The 1985 Boston Red Sox Flash Hope & Then Collapse In August
It was a time of change at Fenway Park in 1985. Ralph Houk had ably managed the team the previous four seasons, and produced three winning records in spite of presiding at a time when the team’s roster was mostly in transition. Houk retired after the 1984 season and John McNamara replaced him. The 1985 Boston Red Sox showed the flashes of hope that would ultimately manifest themselves into a pennant a year later, but the ’85 team was done in by an August collapse.
Boston had the third-best offense in the American League in 1985, and unlike previous Red Sox teams, this wasn’t done with power. They had the top batting average in the league, and the top on-base percentage, with third baseman Wade Boggs leading the way. Boggs hit .368 and produced an OPB of. 450.
Rich Gedman, the 25-year-old catcher, was coming into his own, with an OBP of .362 and a slugging percentage of .484. The same was true for Marty Barrett at second, with his .336 OBP. Bill Buckner hit .299 and drove in 110 runs. Jim Rice and Dwight Evans were still producing at the corner outfield spots, combining for 56 home runs and 181 RBIs.
The disappointments on offense were the decline of designated hitter Mike Easler, and centerfielder Tony Armas. The latter had hit 43 home runs in 1984, but ended up sharing time in centerfield with Steve Lyons. Armas hit 23 home runs in 103 games, but his problems getting on base and those at-bats when he wasn’t going deep were just becoming too numerous.
Pitching was generally the problem in Boston through the early part of the 1980s. There were clear signs of progress in 1985. The staff was by no means the team strength, but at sixth in the AL in ERA, they weren’t bad. Oil Can Boyd won 15 games with a 3.70 ERA and young Roger Clemens continued to be slowly broken into the majors, going 7-5 with a 3.29 ERA. Al Nipper, Bob Ojeda and Bruce Hurst were serviceable starters. It was the bullpen that completely lacked depth, with no one recording more than 12 saves.
The season started in the best way possible, a three-game sweep of the New York Yankees at Fenway Park, the last of which saw Clemens get the win and Stanley pitch three shutout innings of relief. In spite of this, Boston still started 16-17, though they were within four games of the Toronto Blue Jays in the AL East. The Red Sox then lost seven of nine to mediocre teams in the Cleveland Indians, Minnesota Twins and Texas Rangers to fall ten back by Memorial Day.
Just when you were ready to write the season off, Boston came surging back.
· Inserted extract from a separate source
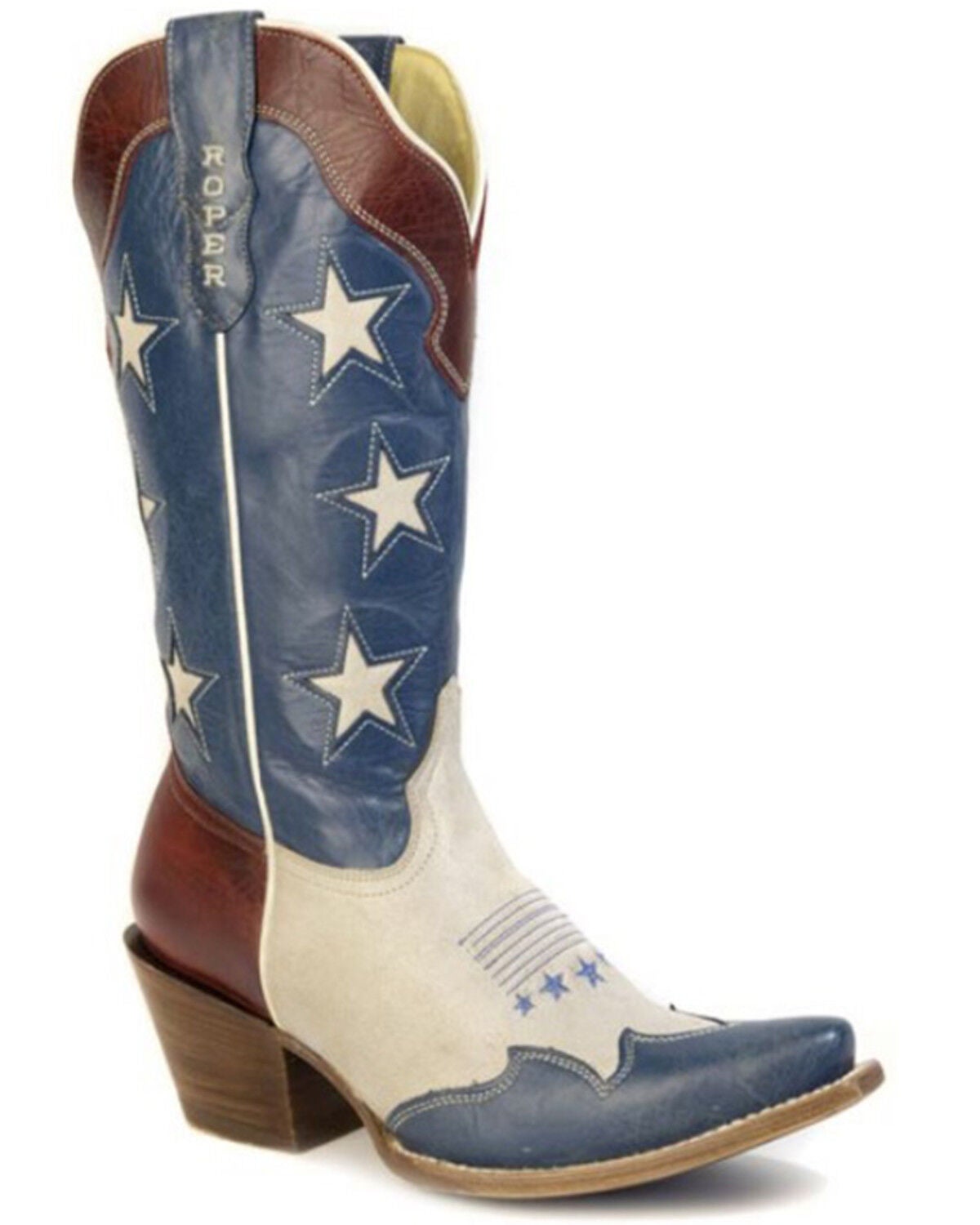 Roper Women's 250 USA Western Boots - Snip Toe, White, hi-res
They won 10 of 11, and were within 6 ½ games of Toronto as the Blue Jays came to town for a four-game weekend set. The four days at Fenway rejuvenated hope for 1985.
In Thursday’s opener, Boston trailed 6-2 in the fifth. Boggs hit a two-run homer to cut the deficit in half and then later walked and scored in a rally that pushed the Red Sox to an 8-7 win. On Friday, Boyd scattered 11 hits, going the distance in a 4-1 win.
Saturday’s game was a pendulum of emotions. The Red Sox first coughed up a 5-1 lead in the eighth, then immediately scored twice. The winning rally came thanks to four walks, with Gedman and Barrett drawing free passes with the bases loaded. Boston won 7-5. One more rally was ahead on Sunday. Trailing 6-3 in the eighth, the Red Sox scored four times. Glenn Hoffman, the light-hitting utility infielder, tied it with a two-run single and Evans won the game with a sac fly.
Boston was soaring, within 2 ½ games of the lead. Just when you were ready to say this might be the year, the Red Sox immediately did a U-turn back in the wrong direction.
With ruthless “consistency”, the Red Sox dropped two of three in succession to the Detroit Tigers, on the return trip to Toronto and to the Baltimore Orioles. Boston closed June back in a 7 ½ game hole.
The Red Sox treaded water throughout July, and then collapsed in August. They went 8-21 through the month, including seven consecutive losses to the Yankees. New York and Toronto would battle to the wire for the division crown, with the Blue Jays ultimately winning.
If you were looking for hope though, Boston didn’t quit on their new manager. They played hard through September and went 19-9. Whether that had any carryover effect to the following year is debatable, but it was a good sign that McNamara didn’t lose the clubhouse in the bad times. And the good times were right around the corner.